The Tallis Scholars (Photo: Hugo Glendinning)

The Tallis Scholars, with over five decades of live performances and 75 recordings on their own record label (Gimmell) behind them, are well-established and well-loved exponents of choral music, mostly from the Middle Ages and the Renaissance. There’s little, really, that another review can add to the paeans already written about their excellence, and Wednesday evening’s concert at Cadogan Hall was no exception in terms of the group’s brilliance at interpreting the material, and their precise attention to balance, tone, dynamic and speed. As always, their founder, Peter Phillips, was at the helm, directing with minimal gesture, and it is to his consummate understanding of polyphony and determined musicological research that the group (and, indeed, the wider world of Early Music) owes so much of its interpretation and performance practice.
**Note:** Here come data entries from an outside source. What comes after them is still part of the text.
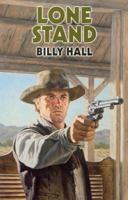 Lone Stand 1842626515 Book Cover
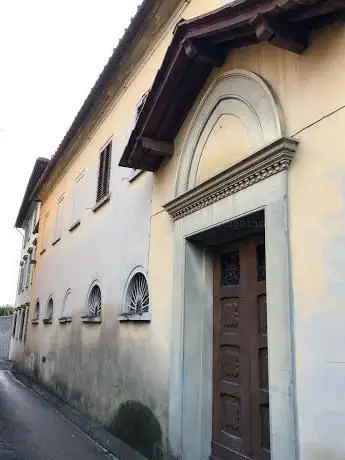 Photo de Monastero Carmelitane Scalze Firenze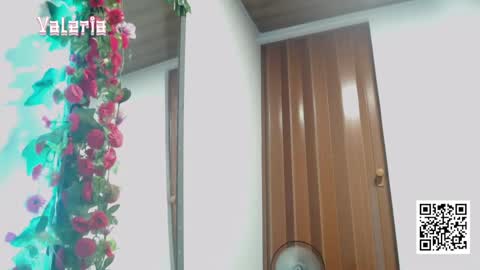 valeria online show from 05/01/26, 11:31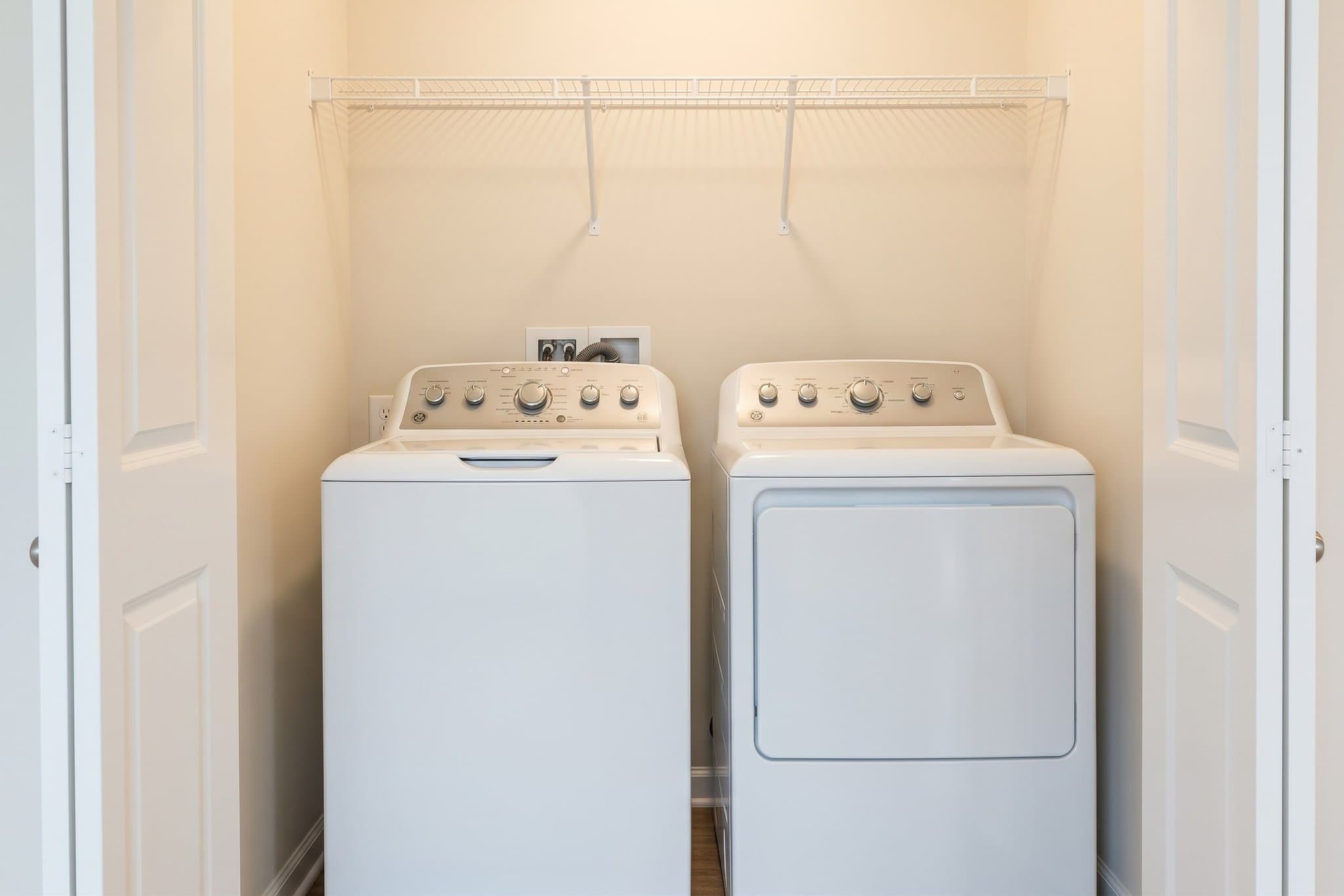 Ranson Townhome: 31 Democracy Mews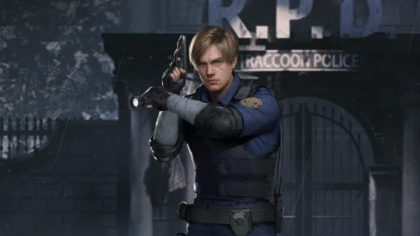 Resident Evil Survival Unit | jogo mobile de estratégia traz Leon, Jill, Claire e até Barry Burton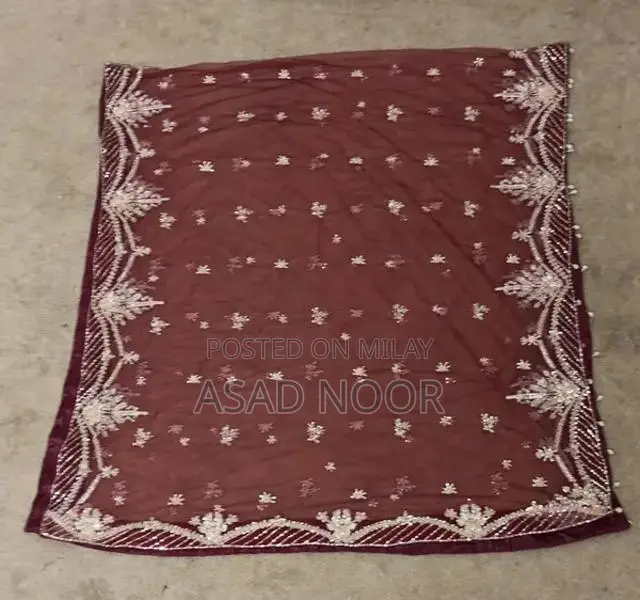 Elegant Bridal Lehenga - Minimally Worn, Almost New Condition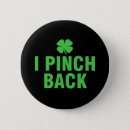 Search for shamrock badges green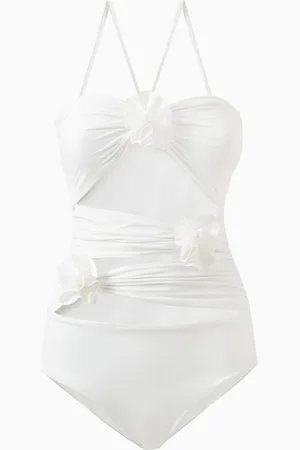Maygel Coronel Trinitaria One-piece Swimsuit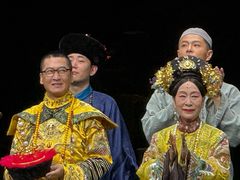 -交通银行前滩31演艺中心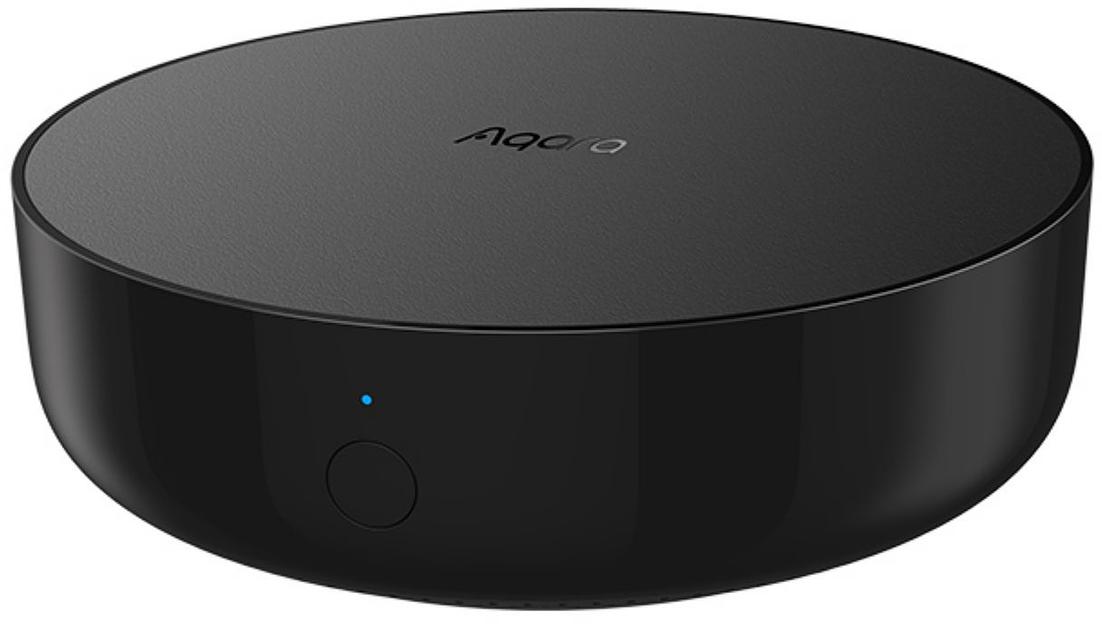 Центр управления Aqara Hub M2 (HM2-G01) фото 6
For this concert, the group chose to present a rainbow of choral works that covered the tempestuous changes in religious practice across the English Tudor period, taking in complex Latin works of pre-Reformation Catholicism, pieces in English – as stolid and plain as a box pew – from Edward VI’s severe Protestant tradition, openly Catholic works from Mary I’s brief reign, and some of William Byrd’s ambiguous Latin works, probably written for Recusant Catholics in Elizabth I’s reign, that, because of royal favour, he just about got away with.

It was in demonstrating the contrast between these various styles of writing that the group really showed their mettle. The straightforward polyphony and quiet homophonic passages of William Mundy’s O Lord, the maker of all things and John Sheppard’s The Lord’s Prayer were delivered with subtle simplicity and attention (as practice demanded) to text, whereas the waves of imitative polyphony bouncing between voice parts in Tallis’ Loquebantur variis linguis and the slow, intense repetitions of Mundy’s Adolescentulus sum ego pointed up the opulence of the musical material. Balance was the watchword for all the accounts, and, although the base unit of 16 singers changed (sometimes 10, 12 or 14), each piece was perfectly judged for the contribution given by each singer. Particularly effective, in this regard, was Mundy’s Vox Patris caelestis whose lengthy text is leavened by the different combinations assigned to each section of the six voice parts, the contrasting textures of which were managed with precision.

“It was in demonstrating the contrast between these various styles of writing that the group really showed their mettle”

The two pieces by William Byrd – Domine quis habitabit and Ne irascaris, Domine/Civitas sanci tui – were really the stars of the show (we’ll come to the Tallis shortly). Byrd’s genius in word painting, as well as his compositional playfulness, are well known, and the group brought all of their skill to presenting these. Domine quis habitat has more false relations in it than a Mafia wedding, and the singers made sure that each of these was brought to our attention to present a glorious bombarde of overlapping lines glittering with little moments of astringency. The despair of Ne irascaris/Civitas is transmitted in the way that Byrd writes his quiet, intense, often homophonic, statements of the phrases that contain the word ‘deserta’, and every one of these, thanks to the group’s brilliant control of tone and dynamic, induced a shiver in the listener; likewise, the mournful pleas of ‘Ecce’ (‘Behold, see, we are all thy people’) were intensified with each repetition to wring every scintilla of emotion from the text.

Thomas Tallis’ 40 part motet Spem in alium needs no introduction. Famous for its scope (those huge scores!), it has been recorded and performed many times (the Tallis Scholars made a benchmark recording in 1985), and is perhaps one of the few works of English Renaissance choral music known outside specialist circles. Joined for this by another 24 singers (such that there was one voice to a part), the ensemble opted to present the work standing in two lines (upper parts in front, tenor and bass behind). The piece is often performed with each of the eight choirs separated, but this formation allowed Tallis’ ‘stereophonic’ set-up (choirs echoing/imitating each other) to have a marked effect in an oblong space, and the net result was magical. The singing was faultless throughout (it’s a notorious piece for getting lost in), and the outcome – the musical material shifting across the space; the moments of quiet interplay between just a few voices; the ‘wall of sound’ of the first homophonic ‘respice’ – was impressive.